STRIPS: Introduction of STRIPS is one of our top priorities.
An informal interdepartmental Group in RBI on operationalisation of Separate
Trading for Registered Interest and Principal of Securities (STRIPS) has recommended
certain system requirement specifications which are being evaluated internally.
Meanwhile, steps have been taken to realign the coupon payments dates on four
identified dates so as to create a critical mass for issue of coupon STRIPS.
Necessary enabling legal provisions are expected to come into effect as and
when the Government Securities Bill is introduced and passed by Parliament soon.
With introduction of STRIPS, the long felt needs of the market in the areas
of ALM mismatches and better cash flow management would be addressed, besides,
improving the opportunities for the retail segment for investing in long term
discount instruments.
Capital Indexed Bonds: The RBI proposes to reintroduce
Capital Indexed Bonds (CIBs) with modified features. The proposed CIB, in line
with structures prevalent internationally, would offer inflation linked returns
both on the coupons and the principal repayments. The proposed CIB would be
offered with market determined real coupon rate, which would remain fixed during
the currency of the bonds. The semi-annual coupon payments on the bonds would
be made by applying the fixed real coupon rate to the inflation-adjusted principal.
The principal repayment at maturity would be the inflation-adjusted principal
amount or its original par value, whichever is greater, thus providing an in-built
insurance that at the time of redemption the principal value would not fall
below par. The proposal for the reintroduction of such CIB is under discussion
with the Government. Our proposals on the characteristics of capital indexed
bonds have also been put on our website to elicit expert and market views. We
will welcome any views you might have on the appropriate design of these instruments.

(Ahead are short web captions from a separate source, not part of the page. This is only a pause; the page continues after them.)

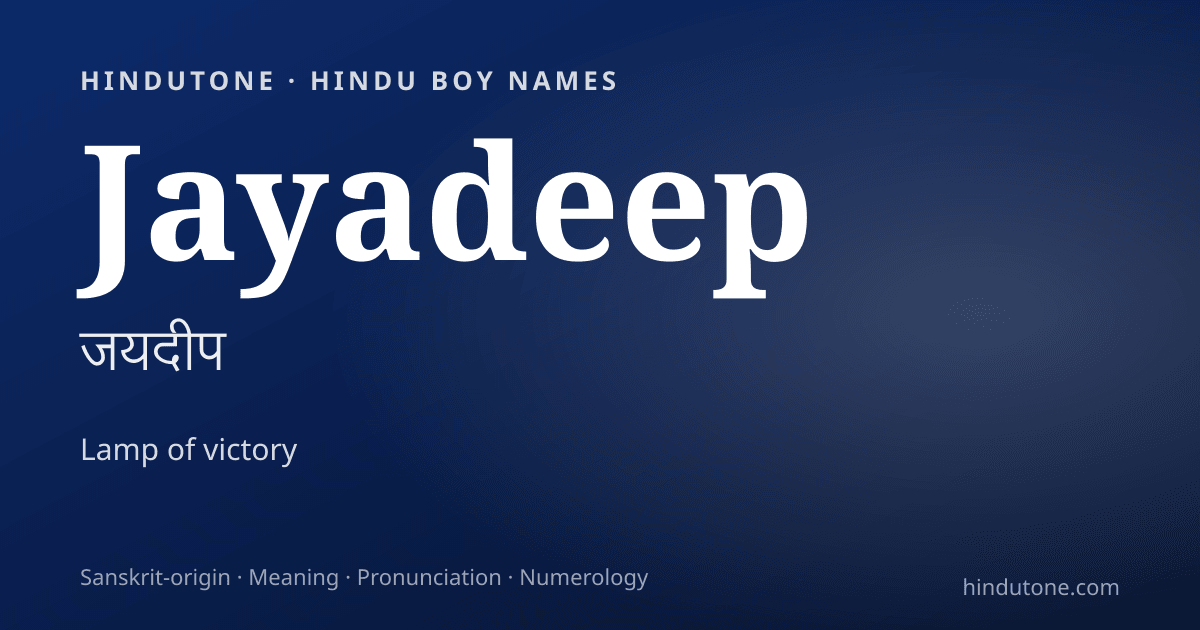 Jayadeep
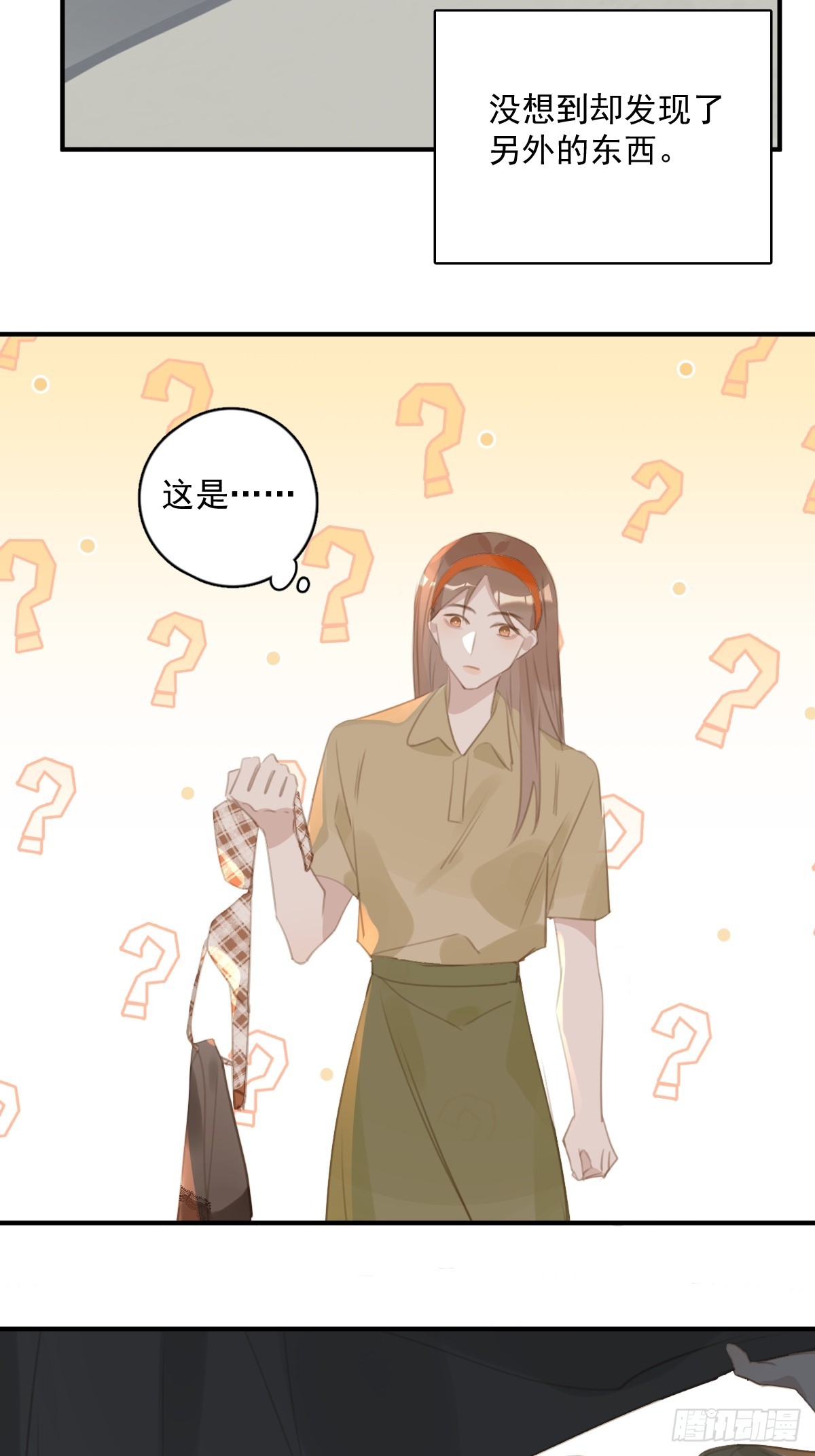 第69话 更新了55
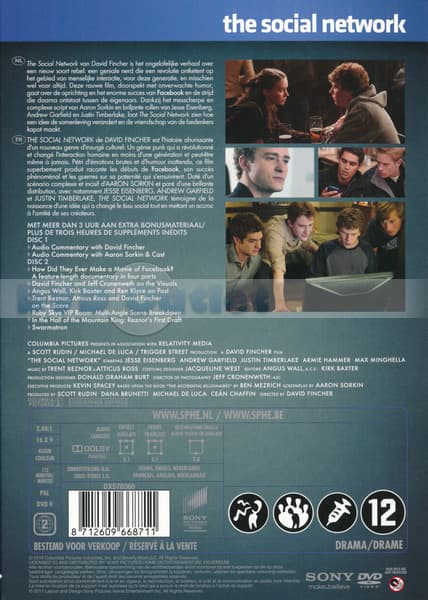 Social network (DVD)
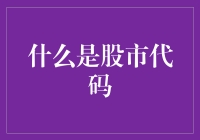 股市代码是什么东东？新手必看！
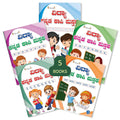 Inikao Kannada Writing Practice Books For Kids | Set Of 5 Handwriting Improvement Book For Children Age 4+ Years (Writing Practi
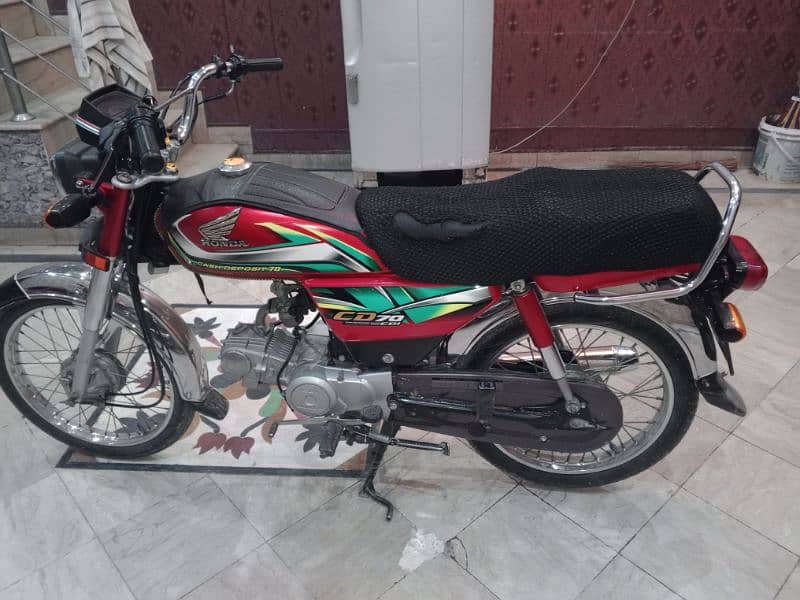 Honda 70 2022 2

It may be indicated that CIB was introduced in December 1997 which matured in
December 2002. No subsequent issue has been made till date.

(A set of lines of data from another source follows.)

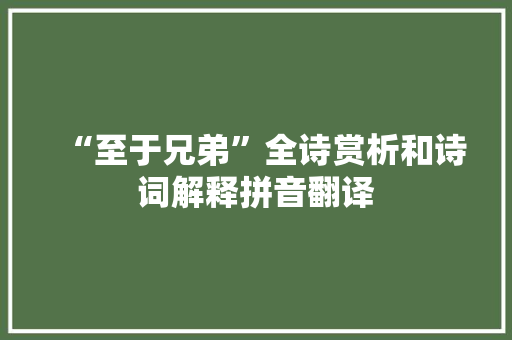 “至于兄弟”全诗赏析和诗词解释拼音翻译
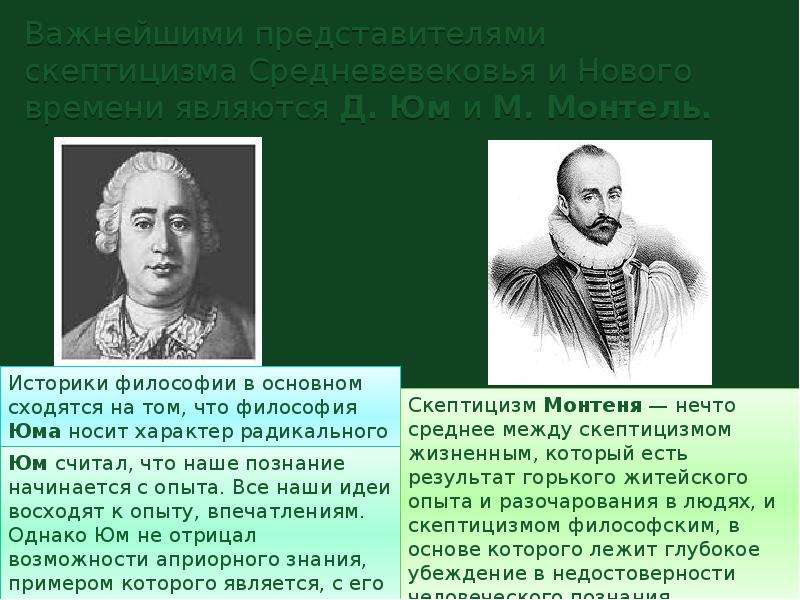 Агностицизм и скептицизм юма как образец критики рационализма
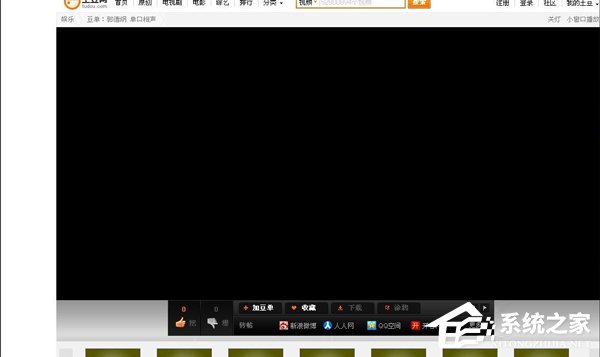 说说6土豆网视频看不了怎么办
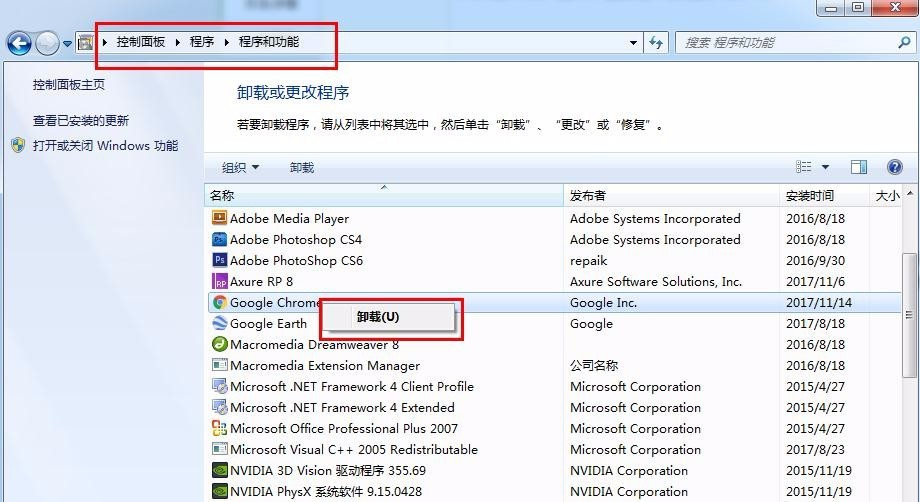 1604371025100479.png image.png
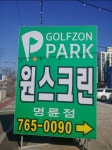 골프존파크 명륜 원스크린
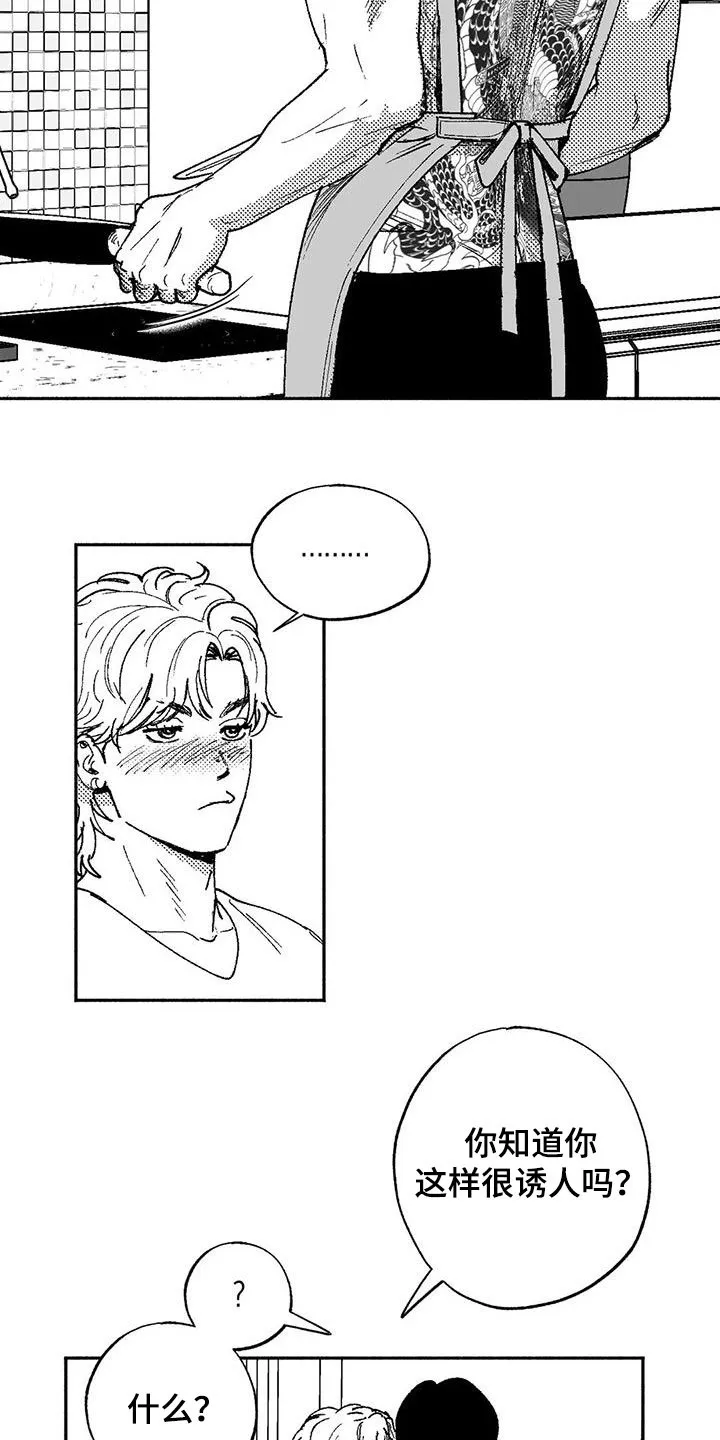 绯色(限) 汐月漫画,第62章：同居生活8图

b) Screen-based Trading of Government Securities
A countrywide, anonymous, screen based, order driven system
for trading in government securities introduced in the stock exchanges (NSE,
BSE and OTCEI) in January 2003 has continued to suffer from very poor trading
volumes during 2003-04. In order to examine the various issues related to the
successful operationalisation of the screen-based trading, a Working Group on
Screen Based Trading in Government Securities was constituted. The Group has
made several recommendation relating to improving the NDS in terms of software
and hardware and linkages with INFINET, administration of NDS functioning, setting
up of an NDS user Group etc. The Group has also recommended that it would be
desirable to make available an anonymous, screen-based order driven trading
system for the NDS members in a Straight Through Processing (STP) mode. The
Group has also suggested in the Report several measures to develop the retail
gilt market on the exchanges. These include, obligation on market intermediaries
to provide two-way quotes, spreading awareness through concerted campaigns by
exchanges etc. The Group also highlighted the need for market making
on exchanges by the Primary Dealers.
As you are aware, the Reserve Bank of India has decided to
implement the recommendation relating to introduction of screen-based order
matching trading system on the NDS. The trading platform, called "RBI-NDS-GILTS-Order
Matching Segment, (or, NDS-OM, in short) is a part of RBI¡¦s NDS application.
It will be available to the NDS members in addition to the existing trading
mechanism. It will be temporarily hosted at CCIL pending installation of required
infrastructure at RBI. The new trading system will be audited by external experts
during the trial run phase to ensure robustness of security features and connectivity,
and efficiency of the system. The proposed system which was demonstrated by
CCIL to the market participants recently on August 11, 2004 is expected to go
live as soon as system integrity is ensured and appropriate training has been
imparted to traders in the NDS members. I am sure that this new option to the
market traders would go a long way in addressing some of the issues relating
to transparency, price discovery, credit risk etc.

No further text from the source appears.